Narrative Check: Brexit, Trump, China Stimulus And An Update On Charlie’s CTA Model

Ok, it’s time for “narrative” check – as it were.

The market is demonstrating a propensity to generally ignore the Brexit boondoggle. I mean, sure, there are some folks trading it and if you’re an FX strategist, you can’t very well just sit on your hands and not churn out some largely useless decision tree that purportedly shows where sterling “should” trade based on the dizzying array of possible outcomes which at this juncture seem to range from “hostile coup” on one end to “call the whole thing off and stay in the EU” on the other. Clearly, trying to trade that is an exercise in abject futility – even tactically, given that the sheer number of embedded contingencies is almost impossible to fathom let alone make sense of.

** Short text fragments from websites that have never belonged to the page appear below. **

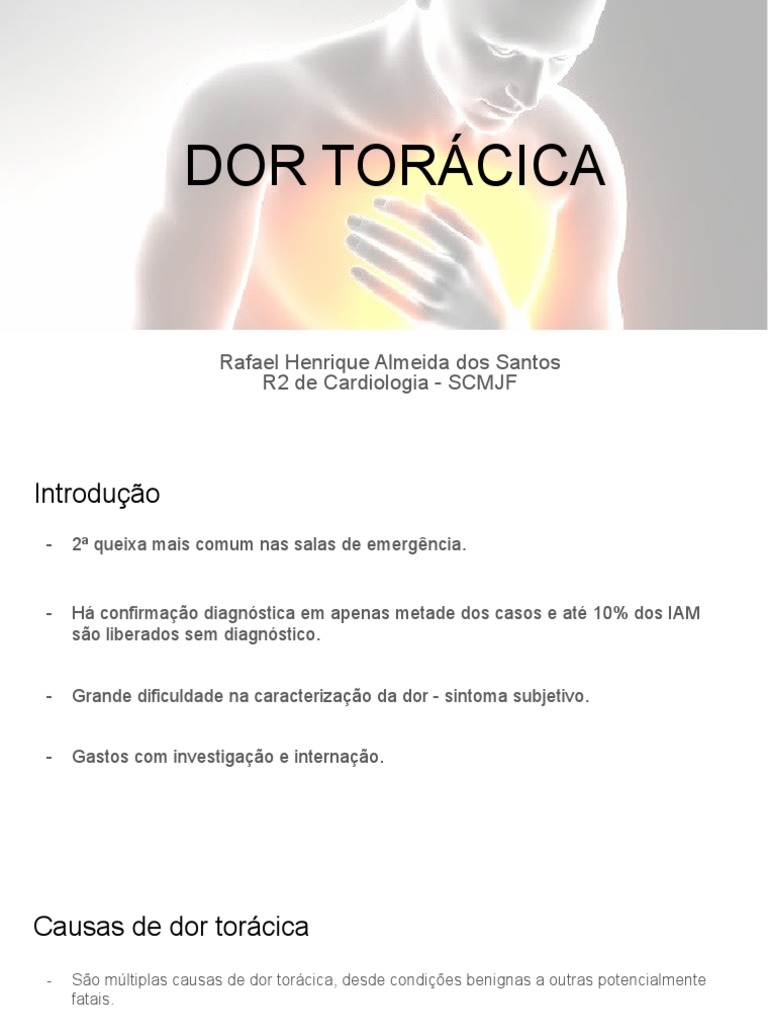 Diagnóstico e abordagem da dor torácica: um guia prático | PDF ...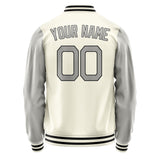 Custom Cream Gray Jacket JA0303040317B21704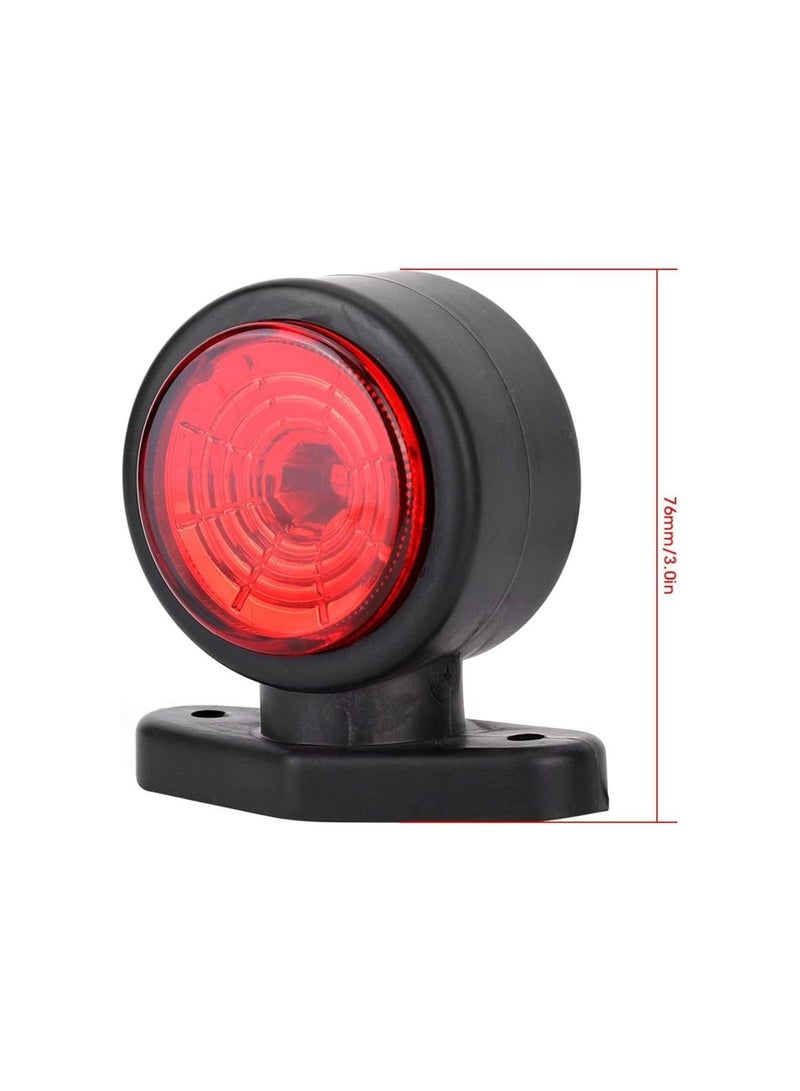 Loquat 6 pieces Side Marker Lights, LED Car Truck Side Marker Light Indicator Signal Lamp 12V24V - Image 5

Stateside, Trump is a mess. I haven’t even checked his Twitter feed as of 11:15 AM ET because what’s the point? Everyday it’s just him ranting about star-crossed FBI “lovers” conspiring with “leak monsters” and “lyin’ sleazes” to undermine his regime and/or him insisting that gangs of violent immigrants are plotting to “dismember” white school children. And when it’s not that, he’s tweeting about the “1,000 hamberders” he served to the Clemson Tigers. How anyone expects the government shutdown to be resolved amicably given his mind state is beyond me.

So, when it comes to Brexit and the US shutdown, just forget it. Things will pan out however they pan out.

Meanwhile, we’re all forced to turn to the Politburo as a model of sane governance. The key question for markets and for the macro narrative (and those are the same thing these days) is whether China’s ongoing efforts to tip/hint at/float/implement additional easing, both monetary and fiscal, will be successful at slamming the brakes on the economic deceleration evidenced by data point after excruciating data point.

On Tuesday, it was more tax cuts and, crucially, there were signs in the December credit data that the monetary stimulus is starting to “work”, which is key considering the two-step RRR cut announced earlier this month is now set to be implemented, leading some to postulate that the data could start to turn around by the time the next PMI numbers are due.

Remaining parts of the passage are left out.